Alex Knoll, the head pro at Blue Shamrock Golf Club in Palmerton,
heads into Wednesday’s final round of the 52nd PGA Professional
Championship at Belfair in Bluffton, S.C. with a shot at a top-20 finish that
would earn him a ticket to the PGA Championship in a couple of weeks at
Bethpage Black in Farmingdale, N.Y. on Long Island.
Knoll carded a 1-over-par 73 over Belfair’s par-72 West
Course to join the group tied for 14th at 1-over 216 after three
rounds of the PGA Professional Championship, presented by Cadillac, Club Car
and OMEGA.
It is the second straight year that Knoll has played all
four rounds in the PGA Professional Championship. He finished in a tie for 49th
in last year’s championship at the Bayonet and Black Horse Resort on northern
California’s Monterey Peninsula.
The PGA Professional Championship had traditionally been
played in June, but with the PGA Championship moving from August to May, the
National Club Pro, as it used to be called, also moved up a couple of months on
the golf calendar.
Knoll had opened with a 4-under 67 at Belfair’s East Course
in Sunday’s opening round before posting a 4-over 76 at Belfair’s West Course
Monday.
Knoll heads a group of three Philadelphia Section PGA
professionals who will tee it up in Wednesday’s final round.
One of them, Overbrook Golf Club assistant pro Ashley Grier
will be making some history. Grier and Mays Landing, N.J. native Joanna Coe, a
teaching pro at Baltimore Country Club and the reigning three-time Middle
Atlantic Section PGA Women’s Player of the Year, became the first two women to
survive the 54-hole cut in the PGA Professional Championship.
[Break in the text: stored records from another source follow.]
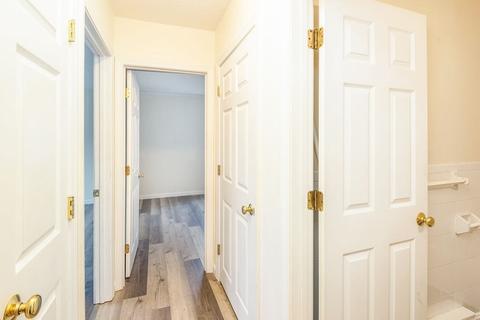 14 Dailey St #E, Attleboro, MA 02703 photo 9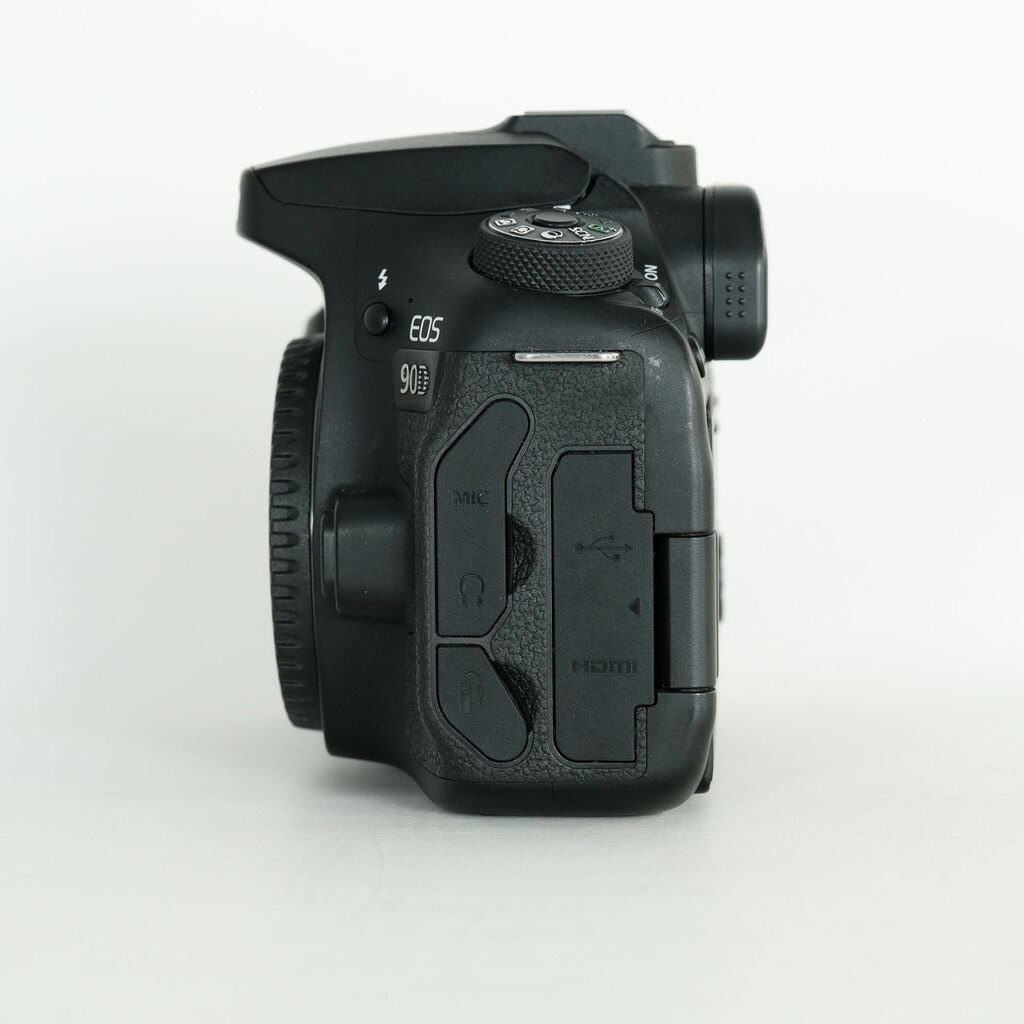 Canon EOS 90D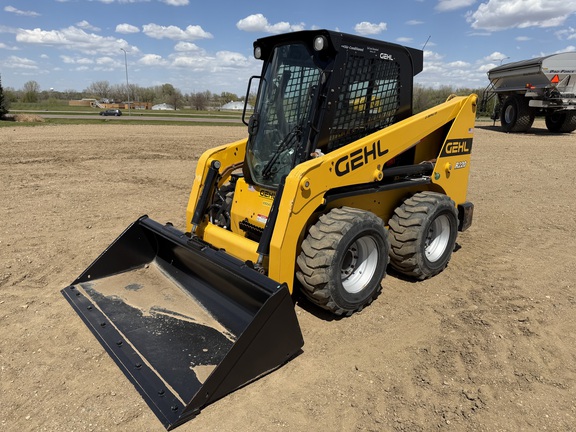 2023 Gehl R220 - Photo7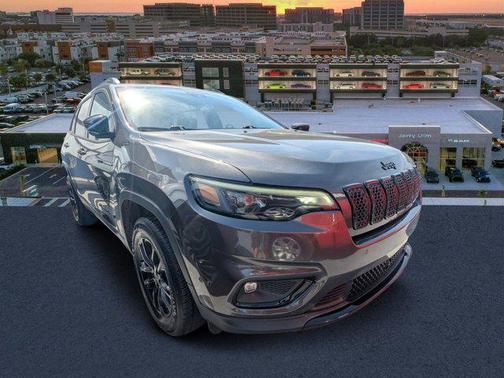 2023 Jeep Cherokee Altitude Lux 4x4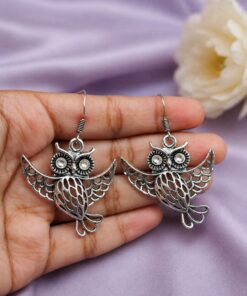 Owl Hook Earring Elegant Design for LightWeight Jewelry - Image 3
The 35-year-old Grier struggled a little Tuesday with a
5-over 77, but made the cut on the number at 6-over 221. Two years ago, Grier,
a native of Hagerstown, Md., became the first woman to win a Philadelphia
Section PGA official points event.
Coe, 29, carded a solid 1-over 73 to join the group tied for
31st at 3-over 218.
Grier and Coe are both former Symetra Tour players. Grier
recently accepted a sponsor’s exemption to play in the Symetra Tour’s Valley
Forge Invitational, which tees off May 31 at Raven’s Claw Golf Club in Limerick
Township.
The third member of the Philadelphia Section PGA playing in
the final round of the PGA Professional Championship is Lookaway Golf Club
assistant pro Michael Little, the 2017 Philadelphia Section PGA OMEGA Player of
the Year.
Little matched par with a 72 at Belfair’s West Course
Tuesday to move into a tie for 48th at 5-over 220.
Spring-Ford Country Club hear pro Rich Steinmetz carded a 78
Tuesday and his 10-over 225 left him outside the cut line to the low 70 and
ties for the final round. Steinmetz starred scholastically at Perkiomen Valley
back in the days when this blogger was covering high school golf for The Mercury in Pottstown.
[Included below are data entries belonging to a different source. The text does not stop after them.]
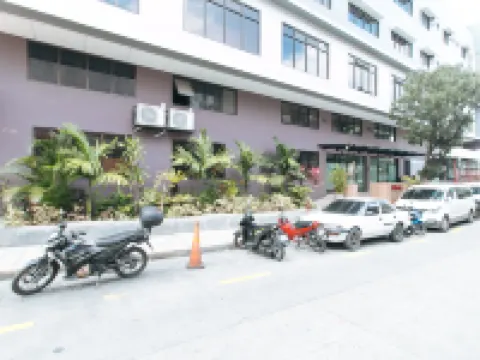 RedDoorz Plus @ Evangelista Street Makati โรงแรมในมาคาติ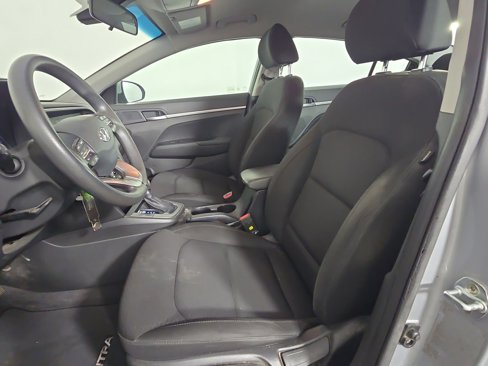 Used 2020 Hyundai Elantra SE w/ Cargo Package (C1) image 4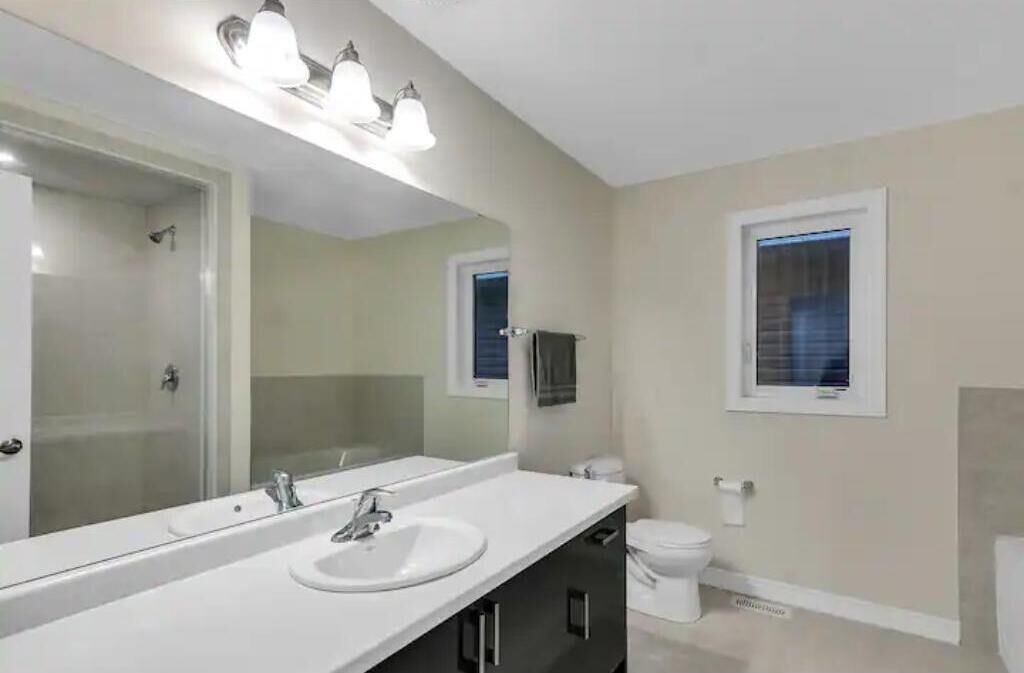Photo of Bathroom in County of Brant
It looks like a couple of Metropolitan Section PGA pros are
going to battle it out for individual honors at Belfair as Danny Balin, the
head pro at Fresh Meadow Country Club in Lake Success, N.Y. and a Penn State graduate,
and Alex Beach, an assistant pro at Westchester Country Club in Rye, N.Y. and a
Nebraska graduate, will enter Wednesday’s final round tied for the lead.
Balin had trailed Beach by a shot entering Tuesday’s third
round, but caught him by matching par with a 72 while Beach posted a 1-over 73.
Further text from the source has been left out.